COMMENTARY
Post-9/11, global war on terrorism continues
By Maj. Gen. Robert G.F. Lee
On Sept. 11, 2001, we watched the world change before our eyes. Time after time, the images played across television screens: the collapsing twin towers of the World Trade Center; smoke rising above scars burned into the Pentagon; and the wreckage of an airliner strewn across a Pennsylvania field. Even the date, 9-11, became an icon for a different and more threatening world.
Here in Hawai'i, while we grieved with families who lost loved ones and friends in the terror attacks, we also moved decisively toward confronting the challenges of a new kind of world war: the global war on terrorism.
We began development of a quick-reaction force capability involving the Hawai'i National Guard and law enforcement officers from county and state agencies. A committee of representatives from county, state, and federal law enforcement agencies that State Civil Defense had organized for the sharing of intelligence about potential threats in the Islands, was expanded to the present-day Hawai'i Emergency Preparedness Executive Consortium.
In 2003 we launched the annual Asia-Pacific Homeland Security Summit, bringing together experts from around the Pacific basin to share their experiences in combating terrorism. This year's summit is scheduled for Oct. 8-10 at the Sheraton Waikiki Hotel.
During the past seven years, we have invested $140 million in Homeland Security grants for planning training and equipment for county and state agencies that must constantly prepare to deal with the threat of a terror attack in our Islands. We have developed strategies so that those funds, along with money provided by the Legislature and the Lingle-Aiona administration, can apply to dealing with natural disasters as well as terrorism.
We have also seen our sons and daughters go off to war. Since 9/11 more than 3,500 members of Hawai'i's Army and Air National Guard have served in Iraq, Afghanistan and Kuwait; many of them more than once.
In fact, nearly 1,000 of the 1,200 troops from the 29th Brigade now training in Texas for duty in Kuwait have served at least one previous deployment. Add to this the reservists and active-duty troops from Hawai'i who have gone to war and it is easy to see how this conflict has touched the lives of so many of our people.
We are sometimes tempted to ask, "When will everything be the way it was before 9/11?" It will never be the same. Events such as the terror attacks leave an indelible mark on all of us who remember what happened that day. We will never forget, and neither will history.
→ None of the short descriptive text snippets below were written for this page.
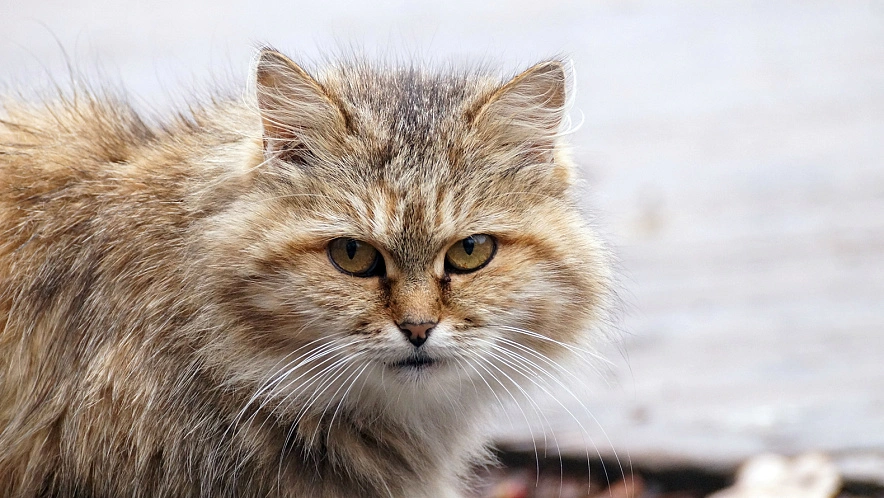 Фото: Сергей Егоров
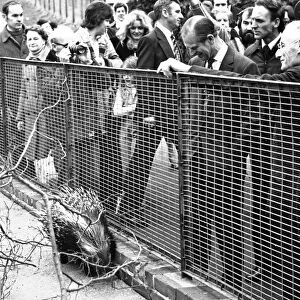 Prince Philip, Duke of Edinburgh visits Paignton Zoo, Devon. 9th March 1978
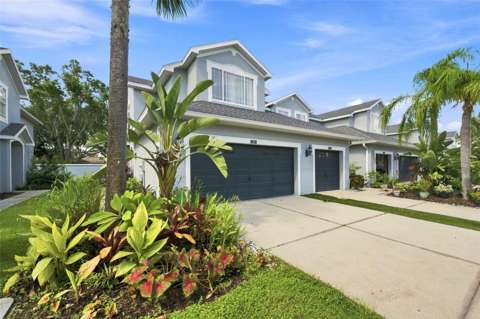 6030 Parkside Meadow Drive, home for sale in Tampa 33625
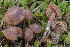  (Gymnopus alpicola - BGE_00473_C12)  @11 [ ] Copyright (2024) Renato Jonny Ferrari none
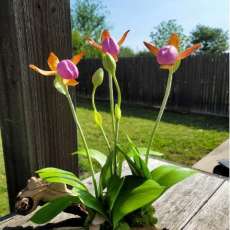 Pink Lady's Slipper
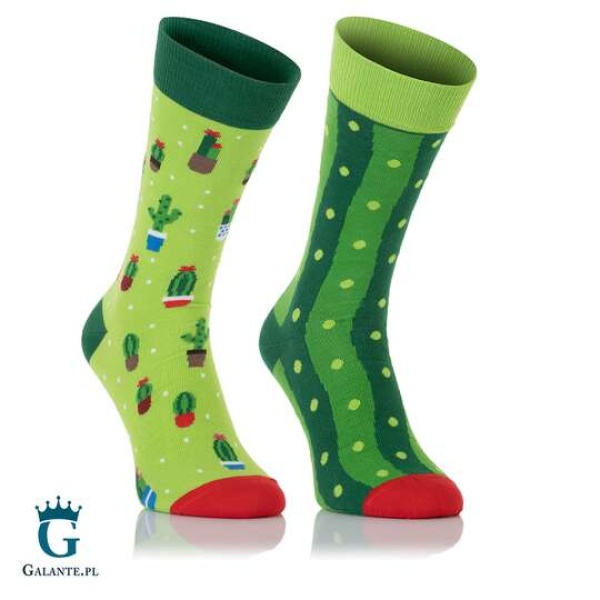 Kolorowe skarpetki męskie Nanushki Kaktus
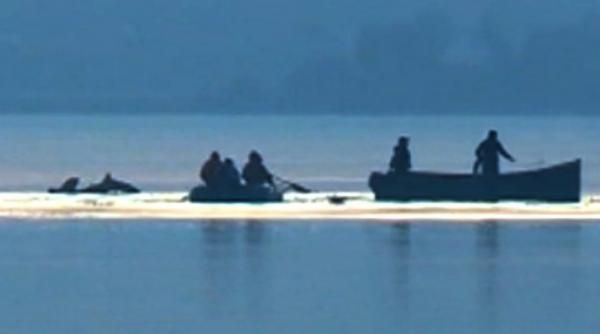 a treia persoana recuperata de scafandri din epava elicopterului prabu it in lacul siutghiol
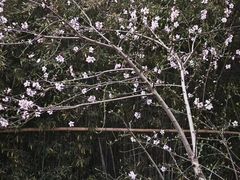 -南翔镇银翔湖公园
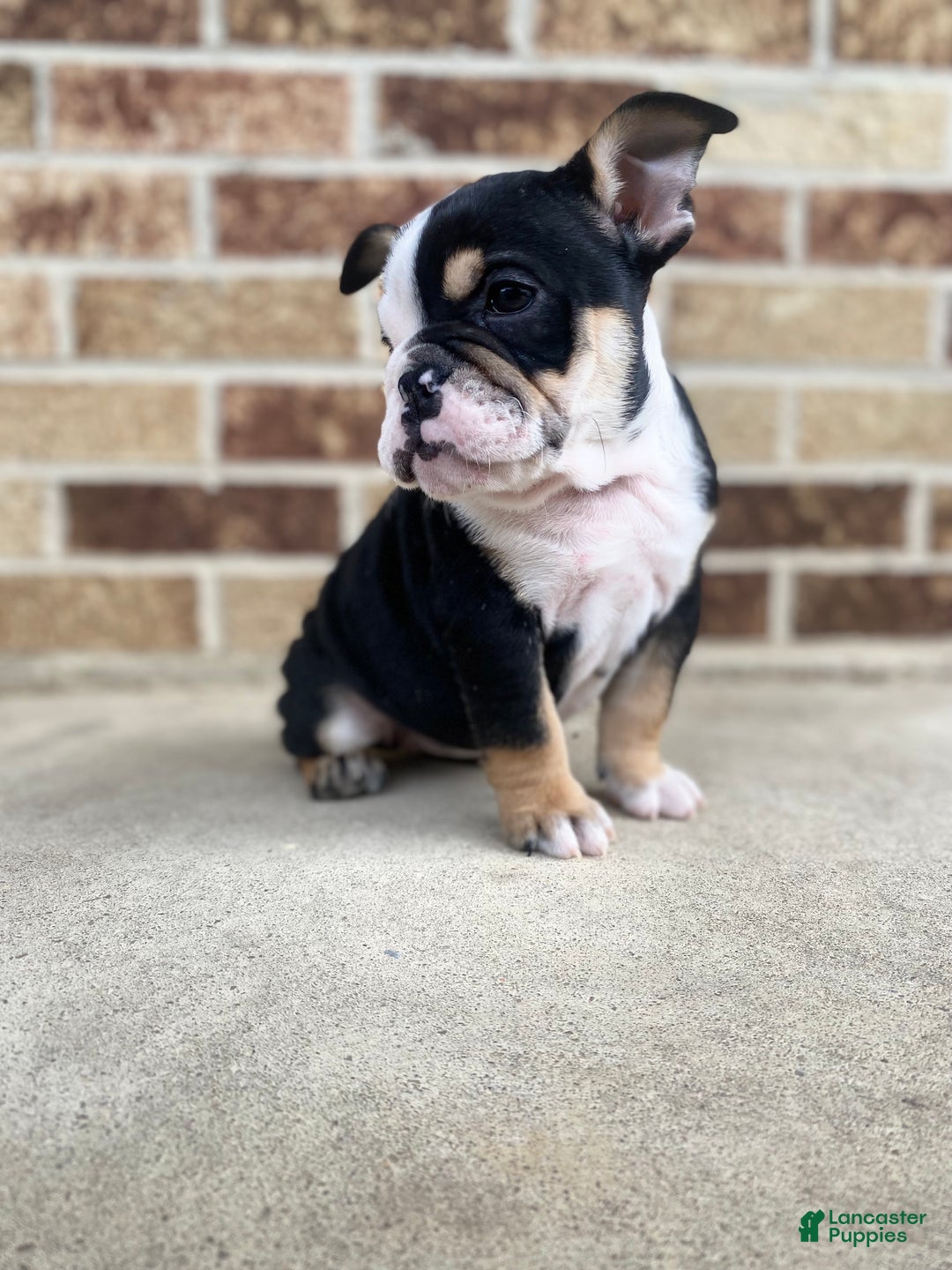 English Bulldog dogs for sale: Frida - Ad 4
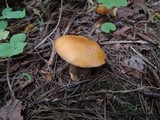Suillus punctipes image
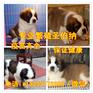 林芝萨摩耶犬出售价格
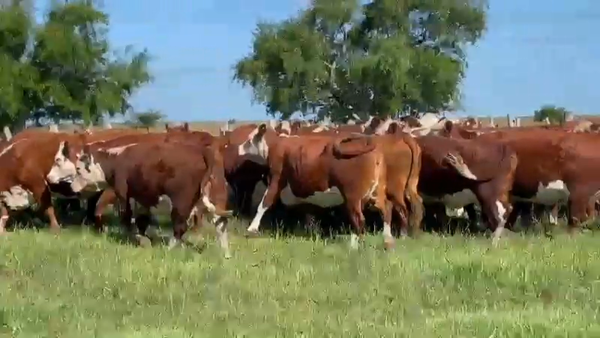 Lote 35 Vacas de invernar en Concordia, Entre Ríos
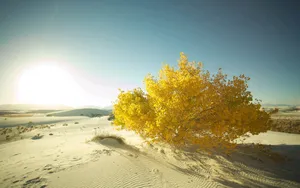 超高清30寸沙漠戈壁风景壁纸_7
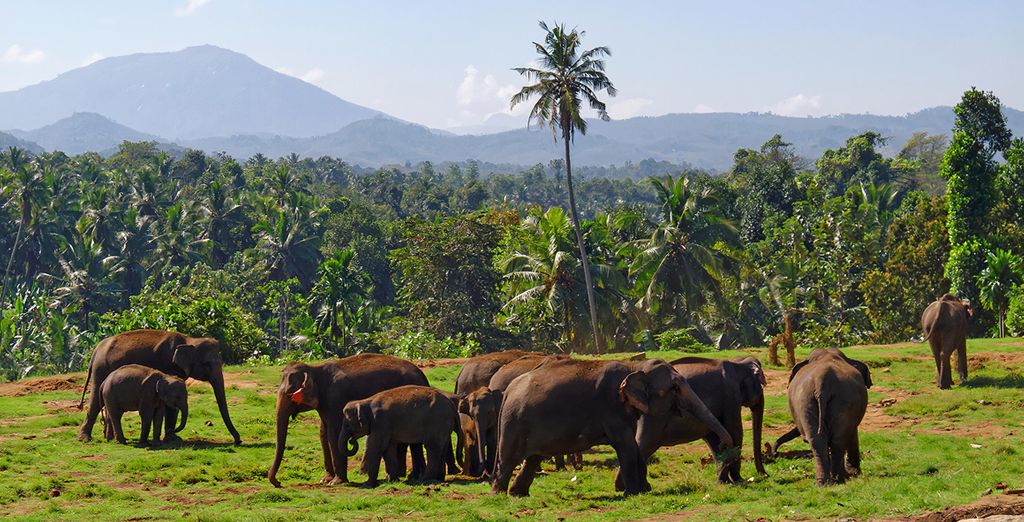 Tour privato: Alla scoperta dell'antica Ceylon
But something else has been happening during these past seven years. We have continued going to the beach, supermarkets and shopping centers. We visit friends. We worship in our churches, temples and synagogues. We have raised our voices in protest and debate, and we have voted in elections.
In short, although the global war on terrorism continues on many fronts, we have continued to live as free people in a free society.
Maj. Gen. Robert G.F. Lee is the adjutant general and Homeland Security adviser of the state of Hawai'i.